Dominick Farinacci will never have to sing a note – not with the use of his vocal chords, anyway. His trumpet does all the singing. And with that instrument so ubiquitous in Jazz, Farinacci plays his trumpet the old-fashioned way; he makes it speak and sing as it evokes the idiosyncrasies of the human voice singing of deeply-felt human emotions in a manner in which only a great vocalist can. So on Short Stories, more than anywhere else you will hear the trumpet not only indulging in narratives of many kinds, but also of bringing the storylines to life. Songs are not only peopled with characters as numerous as the plots and subtexts themselves, but each has a singular power of speech; of song, actually. Listen to the high and mighty exhortation of the muezzin calling the faithful to prayer in “Doha Blues”, or one of Horace Silver’s unscrupulously dandy, “Señor Blues”, or that ghostly blast from the past who remains nameless even after Jacob Collier creates his mysterious, almost ephemeral musical hologram in “Somebody That I Used To Know”.
Dominick Farinacci’s take on the lineage of the cool, spacey trumpet is utterly unconventional throughout, seeing him summoning woodwind-like tones from the instrument – especially on the two charts re-created by Jacob Collier – which float benignly over the sound of Collier’s one-man-myriad-ensemble that in its turn adds a rich and not entirely predictable harmonic foundation to the music. The surprises, when they come, are effective but discreet; a gamelan-like riff is played as pizzicato harmonics, a delicate curlicue of a bassline underpins what sounds like a Cape Verdean lament and a close-knit ensemble passage (“Somebody That I Used To Know”) develops from a single phrase. It’s like listening to Dominick Farinacci making musical connections; like an elegant railway system linking Jazz, folk, tango, Middle Eastern music and the chamber music style of the post-serialist 20th-century conservatoire. But to describe it as such gives it the impression of overcooking when in fact the whole of Short Stories is a masterpiece of subtlety.

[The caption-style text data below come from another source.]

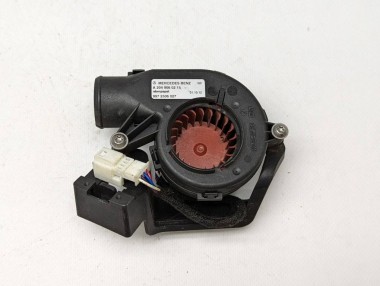 Моторчик охлаждения ЭБУ MERCEDES-BENZ C-класс AMG W204/S204/С204 рестайлинг (2011 - 2015) — Разборка Мерседес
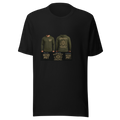 Precinct Response Team Unisex Staple T-Shirt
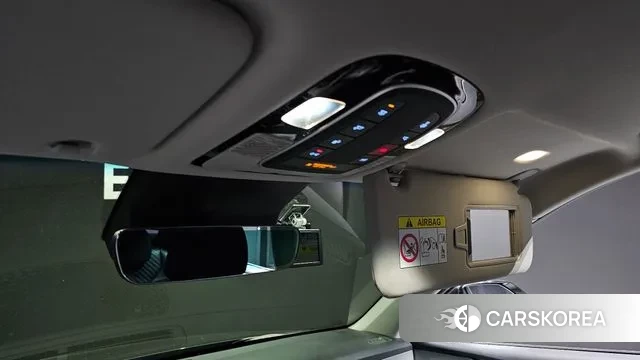 Hyundai The New Palisade id 2889732 из Кореи 7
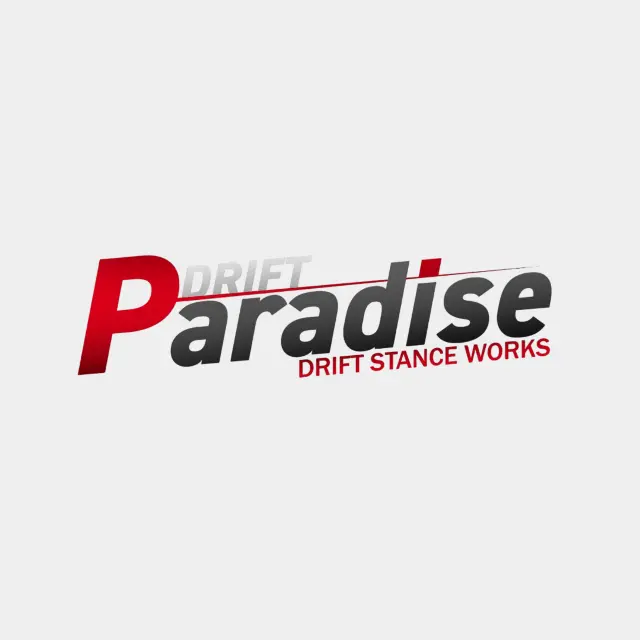 Drift paradise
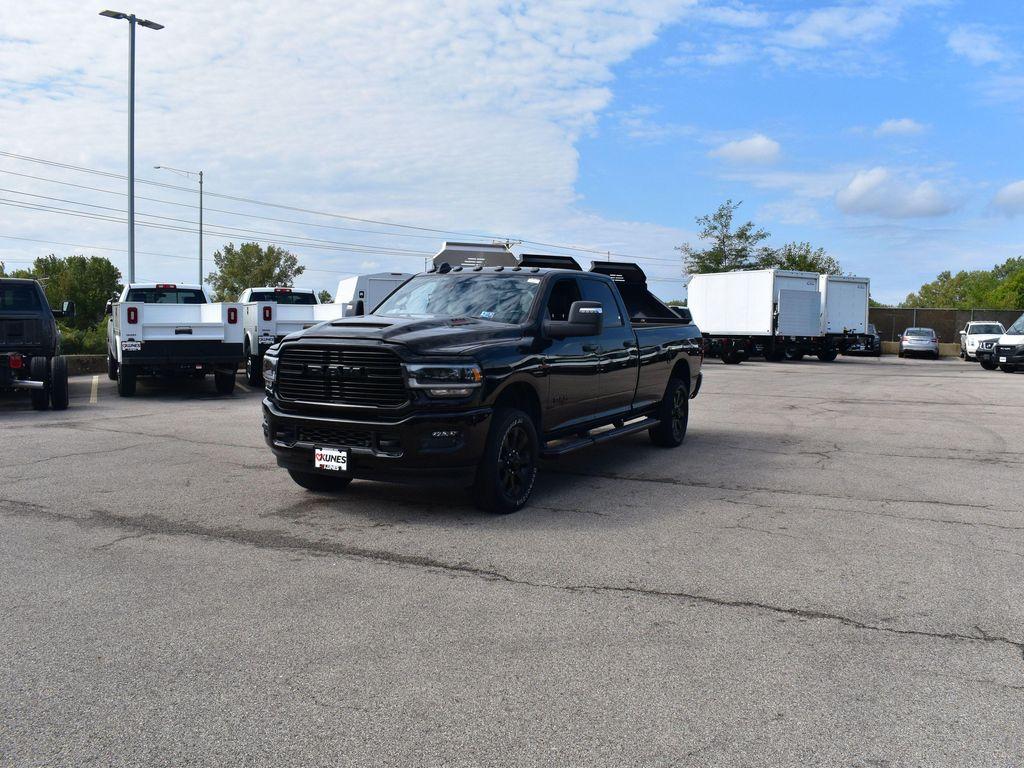 used 2023 Ram 3500 car, priced at $57,091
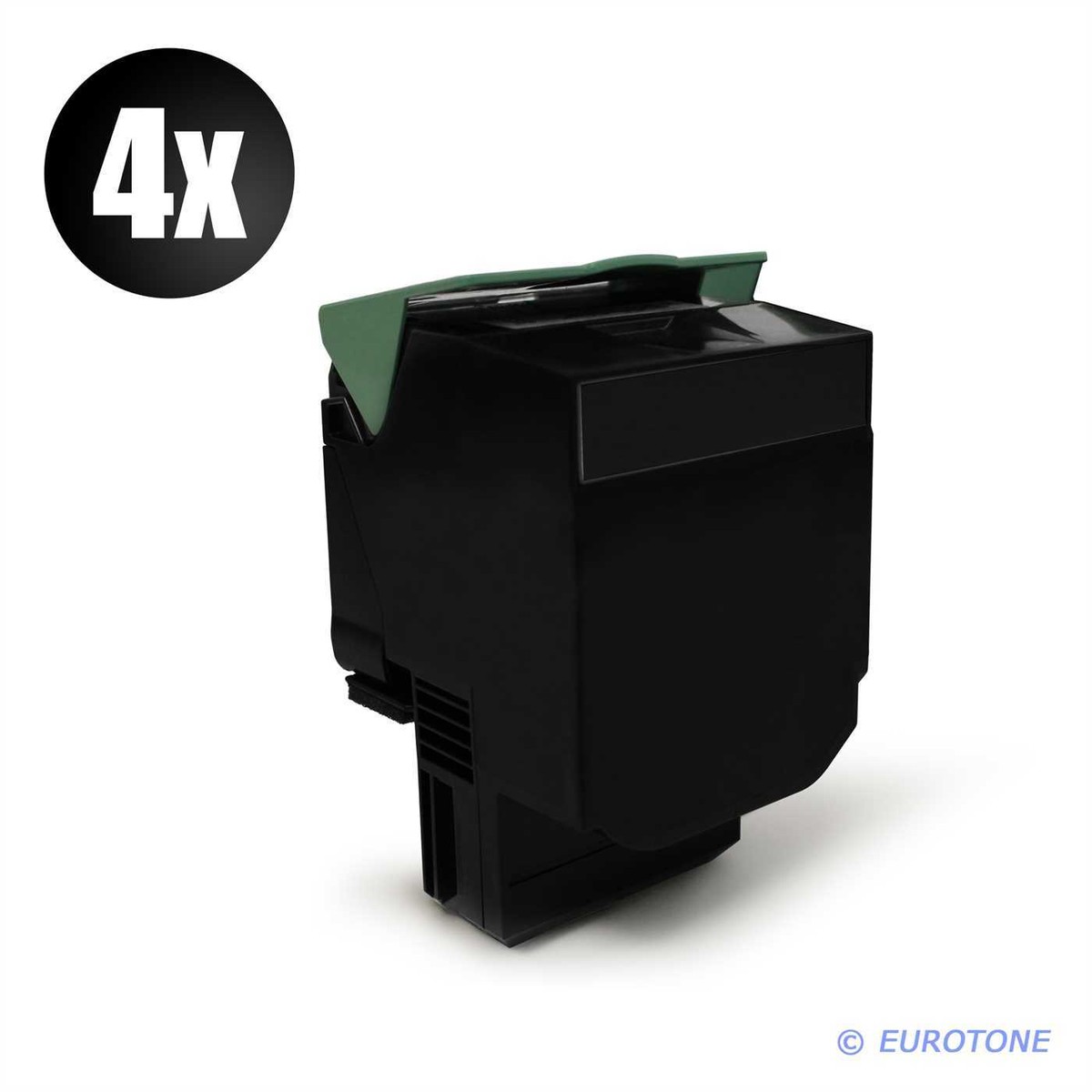 Chip Para Toner Lexmark Chp 60fbh00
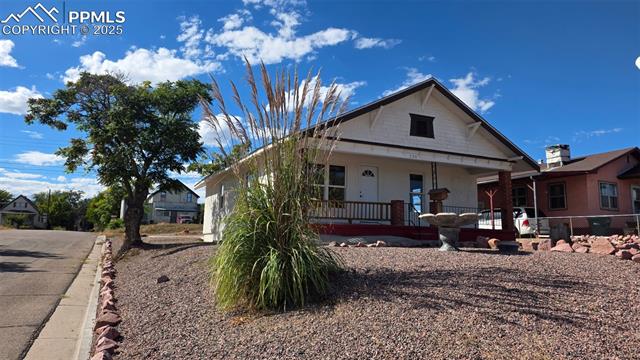 735  Box Elder  , pueblo&nbsp; House Search MLS Picture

Typical of something Tommy LiPuma would produce this remarkable project has Dominick Farinacci at its centre. Farinacci has developed something of a reputation of edge-of-the-seat virtuoso risk-taking. His playing is eloquent indeed; his voicing is expertly balanced in “Bamboleo” as it is in “Black Coffee” and Larry Goldings’ “Parlour Song”. Where phrasing sings wonderfully as it does in the scintillating fingerwork of “Sunshine Of Your Love”. Apart from the lively contemporariness of Jacob Collier’s presence on two charts, there are also the erudite performances of Christian McBride, Dean Parks, Larry Goldings, Gil Goldstein and Jamey Haddad. The electricity between the musicians is palpable and this makes for music that is particularly moving as, on the whole these are performances that get under your skin.
Track List: Bamboleo; Señor Blues; Soldier’s Things; Doha Blues; Sunshine of Your Love; Tango; Somebody That I Used To Know; Afternoon in Puebla; Black Coffee; Parlour Song.

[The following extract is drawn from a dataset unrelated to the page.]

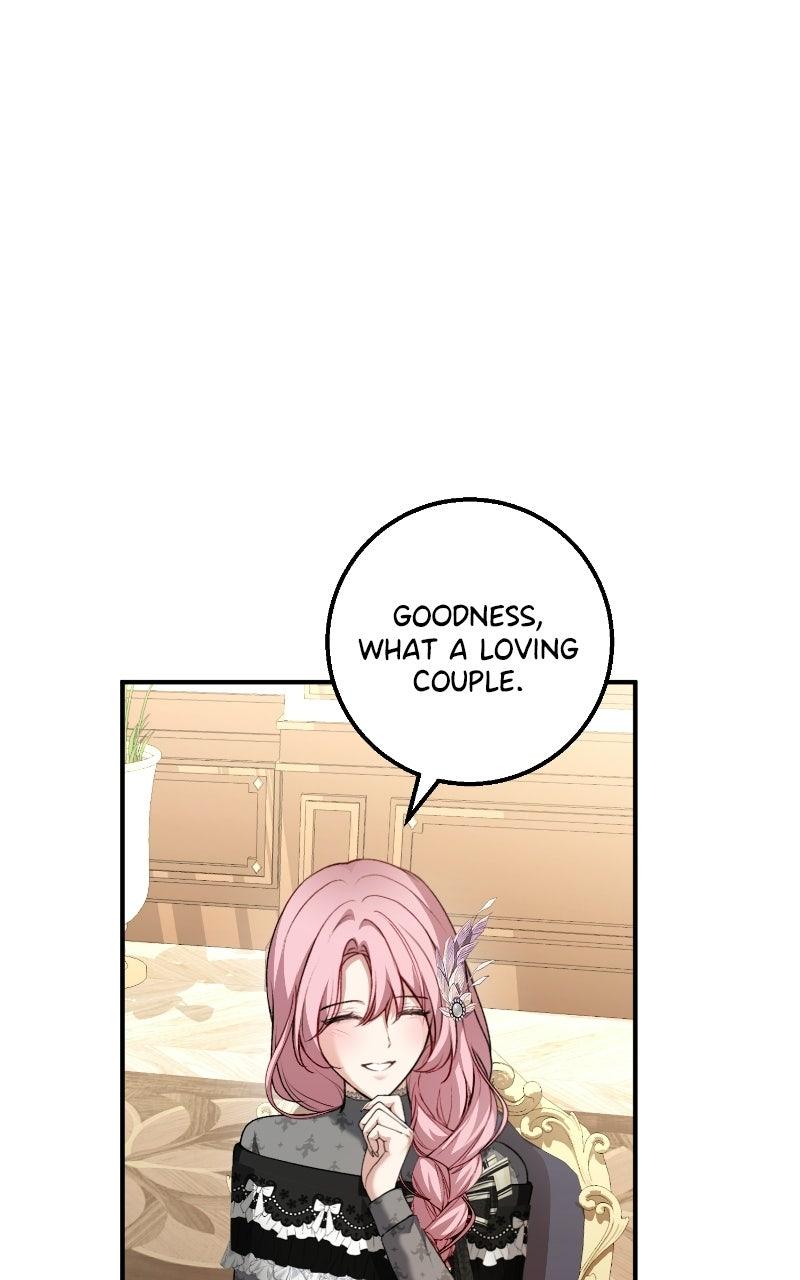 Contract Marriage with the Second Lead Chapter 20 page 85 -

Personnel: Dominick Farinacci: trumpet (1 – 10), flugelhorn (5); Larry Goldings: piano (1, 3 – 6, 8 – 10), organ (1, 5 & 9), celesta (10); Christian McBride: acoustic bass (1, 3 – 6, 8 – 10); Steve Gadd: drums (1, 3 – 9); Dean Parks: guitar (1, 3 – 6, 8, 9); Jamey Haddad: percussion (1, 2, 4, 6, 8); Gil Goldstein: accordion (1, 4, 6, 8); Jacob Collier: vocal and electronic instruments (2, 7); Gabe Bolkosky: violin and section leader; Leah Ferguson: viola; Sawyer Thomson: cello; Heidi Ruby-Kushious: alto flute; Brianne Sharkey: bass flute; Thomas Reed: bass clarinet – (1, 3, 4, 6, 8, 9); Mike Massy: vocals (4); Mark Mauldin: trombone (1).